After the past four levels the straightforward slaughter style comes as a relief. The first phase showcases the skull turret enemy and drills in how lethal they are. Thankfully the crazy crossfire is fairly consistent at tethering arch-viles. The second part has crazy gorgeous visuals and is a mess of a congestion-style race track. Popping arch-viles is paramount but the Cyberdemons are just as good about getting around. The tendency of the fliers to get caught up in the central structure also ensures something of an obnoxious drip feed. All of the cells and rockets make cleaning up fairly simple. The big finish is a slaughter arena. The invul sphere is available from the start but is probably best saved for the bosses. The packs triggered from the central structure are all the same and can be infought safely if you kill the arch-vile up front. A grotesquely beautiful sendoff.

Only for ports with hardcoded episode definitions. This corral offers a nice "Thank You!", an alternate way to see the end text, and a gorgeous planet viewscreen. The architecture feels spartan compared to the rest of the episode but it's better than some holding pens that I've been in.


If for some reason you had warped to the rest of Doom II then this would prevent you from fucking the game up. Mech used some of the Icon of Sin frames to make the final boss in DeHackEd ports so this self-deprecating jab appears instead. Vela Pax's levels are supposed to be even bigger than these, though...

If you were missing more of the quasi-relaxed Mechadon gameplay then this techbase has got you covered. It has an intricate layout that starts out with low-key encounters and then builds up to a super-cramped slaughter finish. The last bit will be much easier if you find the secret exit beforehand, which has a hidden BFG stowed along the way. Some of the later fights and ambushes feel unusually cruel, particularly the three-arch-vile surprise at the western tower. "Desiderium" is also relatively linear in its progression. It still feels highly interconnected, one of the key points routing you through the escape sewers and toward the western portion of the level. Lots of stunning architecture. I also enjoyed unraveling the crates and air ducts, though the secret jumping between the two threw me for a loop.

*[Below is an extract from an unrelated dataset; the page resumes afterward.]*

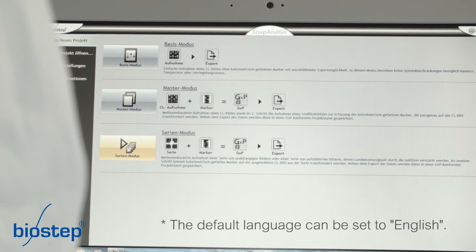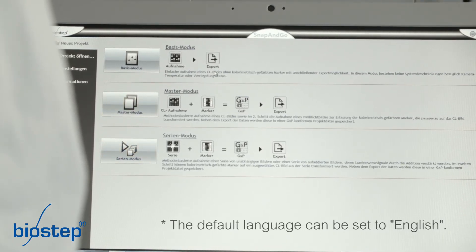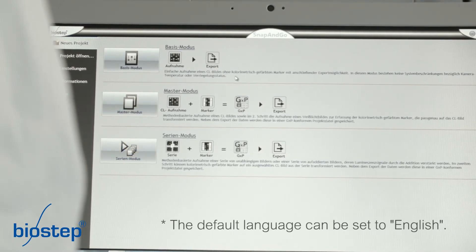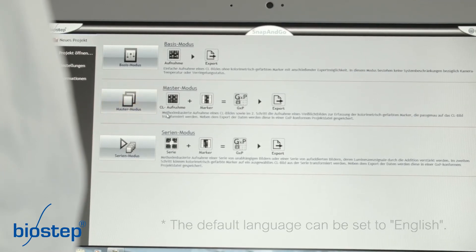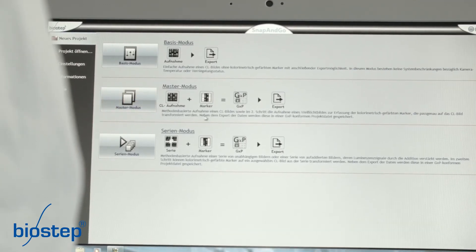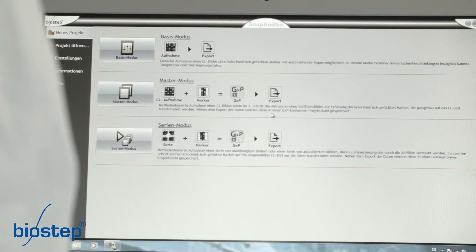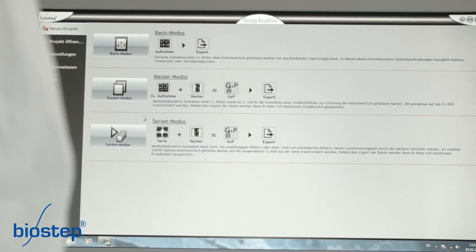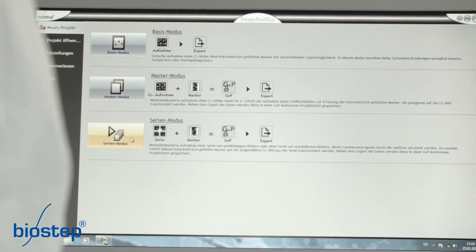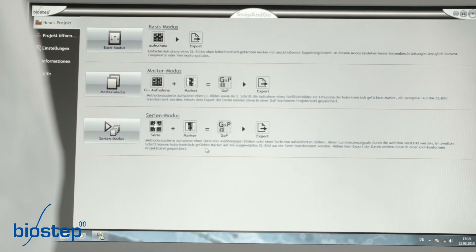The basic mode is for quick imaging without colorimetrically stained marker proteins and is not GXP conform. Using the master mode, you can capture colorimetrically stained markers and integrate them into the chemiluminescent image. The raw data of the image will not be changed.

A cute reference to a DOS game that I'd never heard of before, The Adventures of Microman. The level is sort of in the style of Doom 2 the Way id Did's "Well of Wishes" (MAP32). It's an asymmetric boss battleground and littered with skull turrets. The bubble ship is pretty lethal but only fires all of the regular enemy projectiles so the main thing is to not get jammed up. The skull turrets are the real pain in the ass. If you can clear the ones around the blue armor gazebo and the fuckers in the backpack courtyard that look in then you can cat and mouse the boss. Death comes swiftly, though. If you grab all of the keys quickly then you can have a plasma gun. Why bother with a weapon that requires you to expose yourself for sustained damage, though?